* _WHAT IS BEING ASKED_
The required answer is each line in the entries below where "Shirt" occurs.

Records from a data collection
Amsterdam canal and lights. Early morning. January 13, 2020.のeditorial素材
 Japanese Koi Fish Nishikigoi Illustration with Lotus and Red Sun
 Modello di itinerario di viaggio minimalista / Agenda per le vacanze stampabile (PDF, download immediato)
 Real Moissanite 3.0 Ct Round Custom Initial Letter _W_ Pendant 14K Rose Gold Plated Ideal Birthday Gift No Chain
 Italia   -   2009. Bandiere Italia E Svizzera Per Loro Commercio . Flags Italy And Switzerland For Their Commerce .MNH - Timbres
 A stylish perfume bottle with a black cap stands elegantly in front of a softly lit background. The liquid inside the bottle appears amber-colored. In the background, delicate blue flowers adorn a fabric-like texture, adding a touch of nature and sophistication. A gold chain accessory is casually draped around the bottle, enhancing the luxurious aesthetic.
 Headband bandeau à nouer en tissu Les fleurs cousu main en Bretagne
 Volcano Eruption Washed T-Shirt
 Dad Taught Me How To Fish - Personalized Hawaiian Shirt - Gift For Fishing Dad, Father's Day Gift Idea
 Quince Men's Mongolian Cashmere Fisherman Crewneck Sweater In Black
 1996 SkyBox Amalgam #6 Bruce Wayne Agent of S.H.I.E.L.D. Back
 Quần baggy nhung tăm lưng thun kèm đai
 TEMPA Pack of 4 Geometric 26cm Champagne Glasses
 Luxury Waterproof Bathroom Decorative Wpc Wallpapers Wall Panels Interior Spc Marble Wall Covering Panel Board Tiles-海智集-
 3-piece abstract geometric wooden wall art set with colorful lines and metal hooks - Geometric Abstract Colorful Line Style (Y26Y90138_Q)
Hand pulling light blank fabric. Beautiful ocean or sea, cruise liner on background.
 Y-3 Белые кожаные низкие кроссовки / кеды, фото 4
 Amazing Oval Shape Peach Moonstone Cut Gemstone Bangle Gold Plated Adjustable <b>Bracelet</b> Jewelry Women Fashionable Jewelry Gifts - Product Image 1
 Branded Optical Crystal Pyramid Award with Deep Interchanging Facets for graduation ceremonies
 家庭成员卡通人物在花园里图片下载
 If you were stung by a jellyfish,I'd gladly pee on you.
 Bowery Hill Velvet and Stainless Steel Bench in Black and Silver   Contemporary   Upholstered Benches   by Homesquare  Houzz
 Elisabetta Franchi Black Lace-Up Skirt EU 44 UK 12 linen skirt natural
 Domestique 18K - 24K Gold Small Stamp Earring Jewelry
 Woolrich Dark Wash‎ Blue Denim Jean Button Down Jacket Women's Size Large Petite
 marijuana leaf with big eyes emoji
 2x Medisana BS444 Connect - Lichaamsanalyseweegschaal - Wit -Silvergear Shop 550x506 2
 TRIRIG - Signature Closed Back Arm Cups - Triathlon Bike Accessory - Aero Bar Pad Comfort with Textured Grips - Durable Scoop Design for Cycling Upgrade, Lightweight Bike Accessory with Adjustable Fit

* _OUTPUT FOR THIS EXERCISE_
 Volcano Eruption Washed T-Shirt
 Dad Taught Me How To Fish - Personalized Hawaiian Shirt - Gift For Fishing Dad, Father's Day Gift Idea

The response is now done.